## Work to complete
Shown below are entries with pictures; the line with "Kaia - Raffia" through the line with "Jogging Homme - Uni" is the span to retype exactly, and the pictures stay out.

## Dataset entries

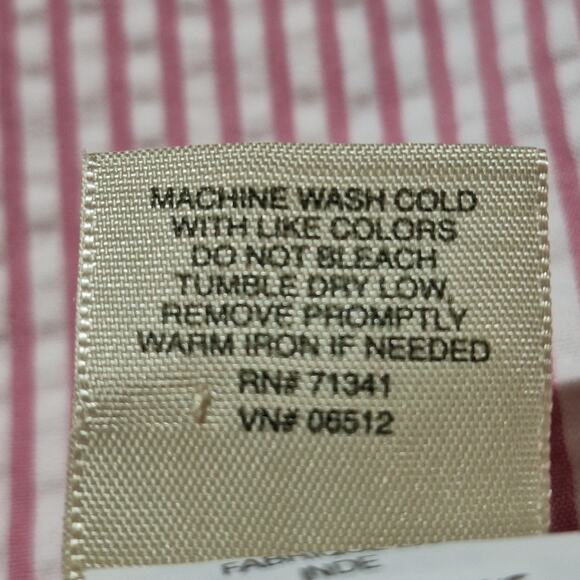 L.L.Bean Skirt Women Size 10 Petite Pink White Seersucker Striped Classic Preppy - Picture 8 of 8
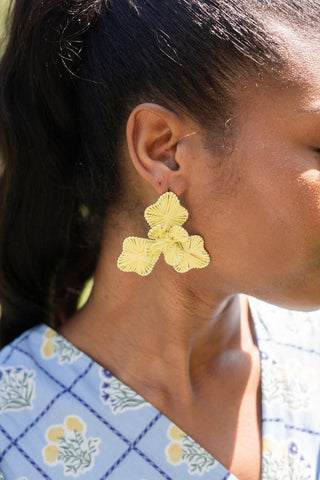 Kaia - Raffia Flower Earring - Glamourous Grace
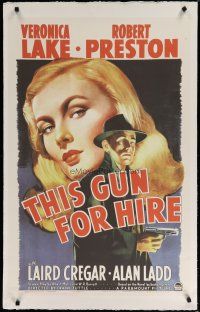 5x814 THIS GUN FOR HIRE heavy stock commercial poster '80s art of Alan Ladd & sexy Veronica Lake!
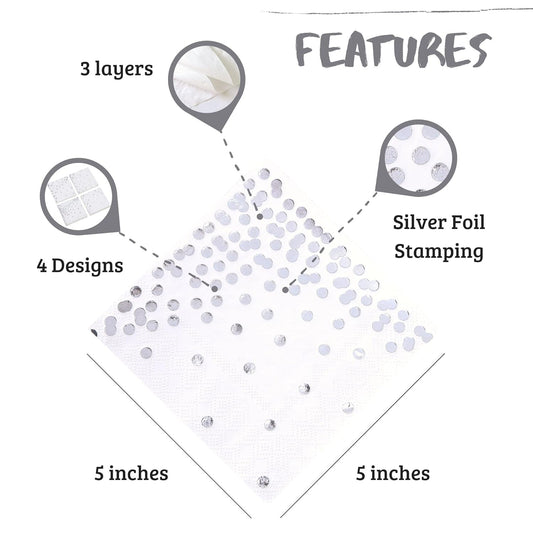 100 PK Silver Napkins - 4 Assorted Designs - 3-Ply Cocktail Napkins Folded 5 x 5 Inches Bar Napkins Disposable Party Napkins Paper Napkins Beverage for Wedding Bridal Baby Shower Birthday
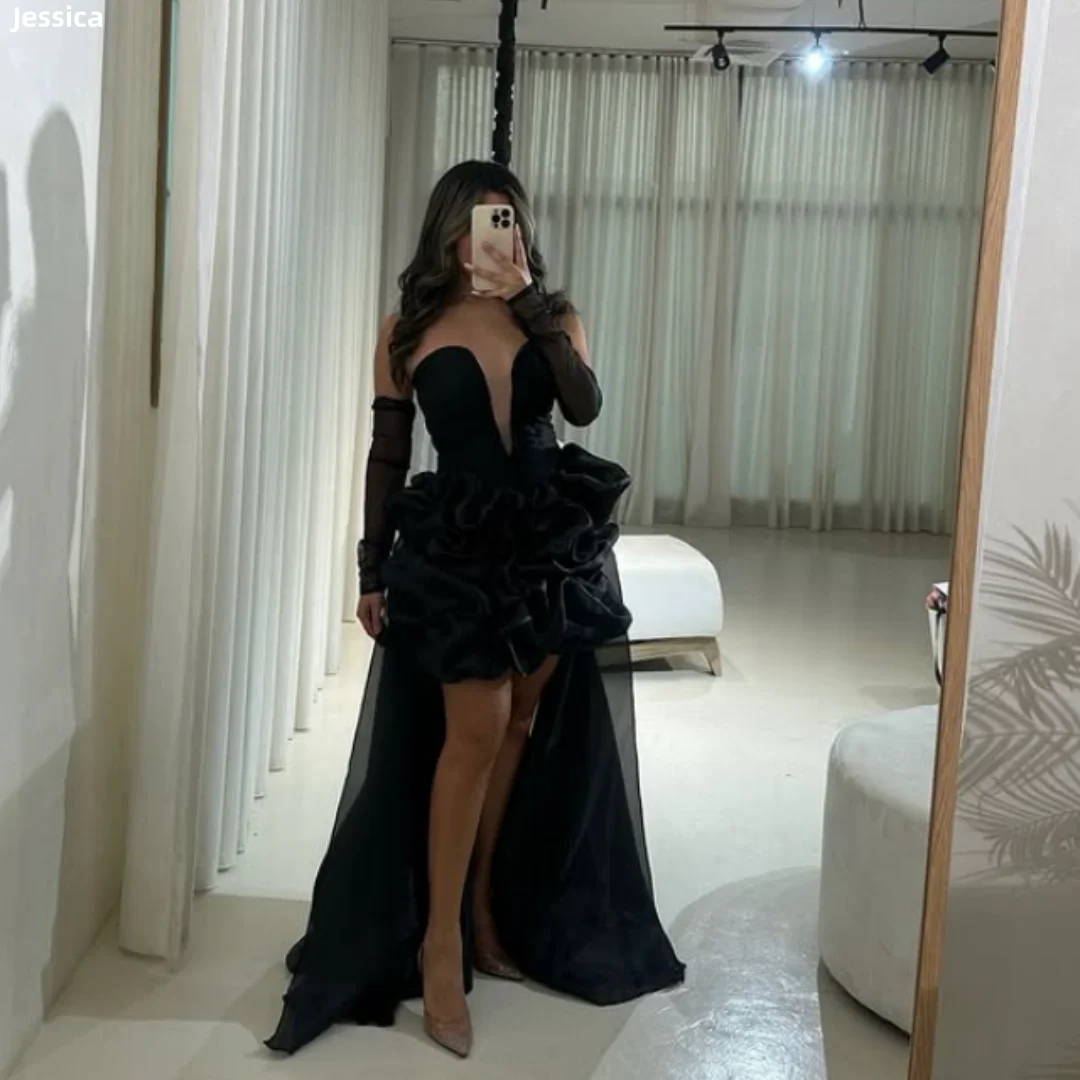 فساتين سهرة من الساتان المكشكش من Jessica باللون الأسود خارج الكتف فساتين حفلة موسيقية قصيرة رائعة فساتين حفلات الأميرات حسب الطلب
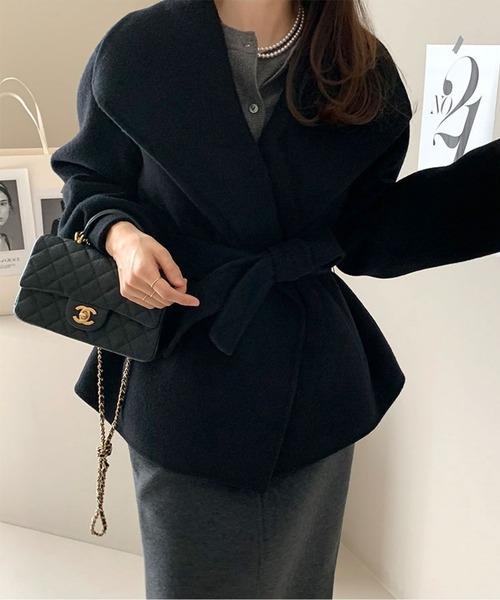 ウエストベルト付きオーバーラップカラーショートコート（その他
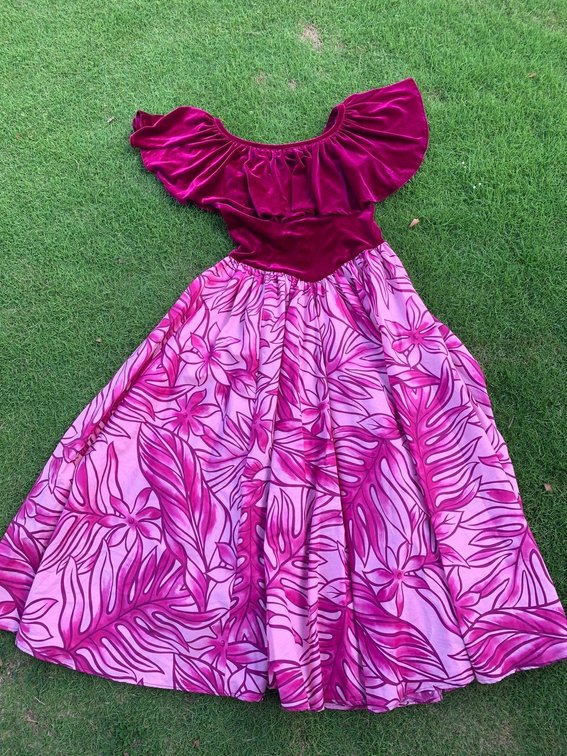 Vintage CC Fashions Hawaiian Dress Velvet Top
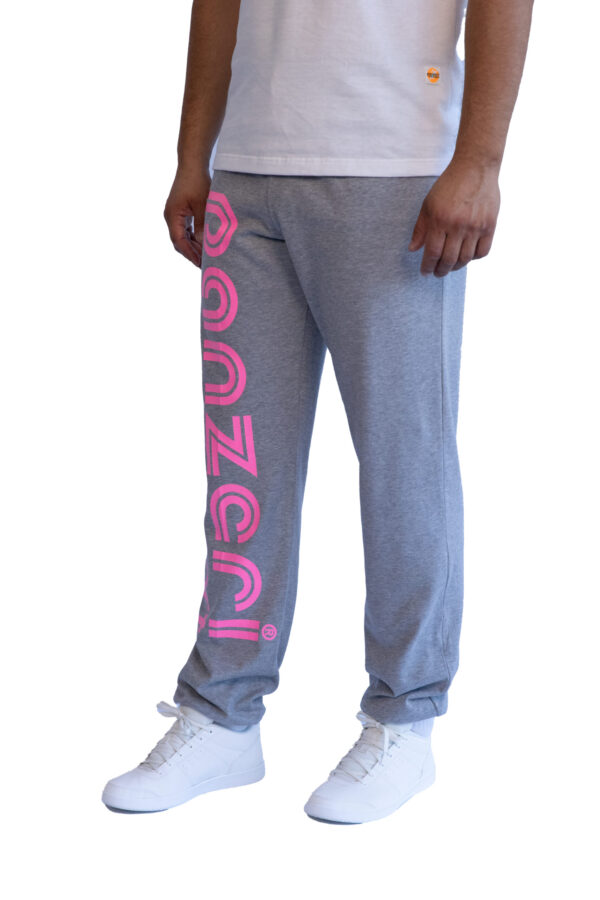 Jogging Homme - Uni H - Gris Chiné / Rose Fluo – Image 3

==

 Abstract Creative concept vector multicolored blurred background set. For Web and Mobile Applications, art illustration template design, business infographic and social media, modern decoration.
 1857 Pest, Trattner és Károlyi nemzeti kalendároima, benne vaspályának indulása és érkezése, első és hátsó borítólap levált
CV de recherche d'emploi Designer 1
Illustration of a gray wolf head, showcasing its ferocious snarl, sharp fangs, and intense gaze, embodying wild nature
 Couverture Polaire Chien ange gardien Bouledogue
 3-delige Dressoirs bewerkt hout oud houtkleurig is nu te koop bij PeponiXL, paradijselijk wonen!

## Result
 Kaia - Raffia Flower Earring - Glamourous Grace
 5x814 THIS GUN FOR HIRE heavy stock commercial poster '80s art of Alan Ladd & sexy Veronica Lake!
 100 PK Silver Napkins - 4 Assorted Designs - 3-Ply Cocktail Napkins Folded 5 x 5 Inches Bar Napkins Disposable Party Napkins Paper Napkins Beverage for Wedding Bridal Baby Shower Birthday
 فساتين سهرة من الساتان المكشكش من Jessica باللون الأسود خارج الكتف فساتين حفلة موسيقية قصيرة رائعة فساتين حفلات الأميرات حسب الطلب
 ウエストベルト付きオーバーラップカラーショートコート（その他
 Vintage CC Fashions Hawaiian Dress Velvet Top
 Jogging Homme - Uni H - Gris Chiné / Rose Fluo – Image 3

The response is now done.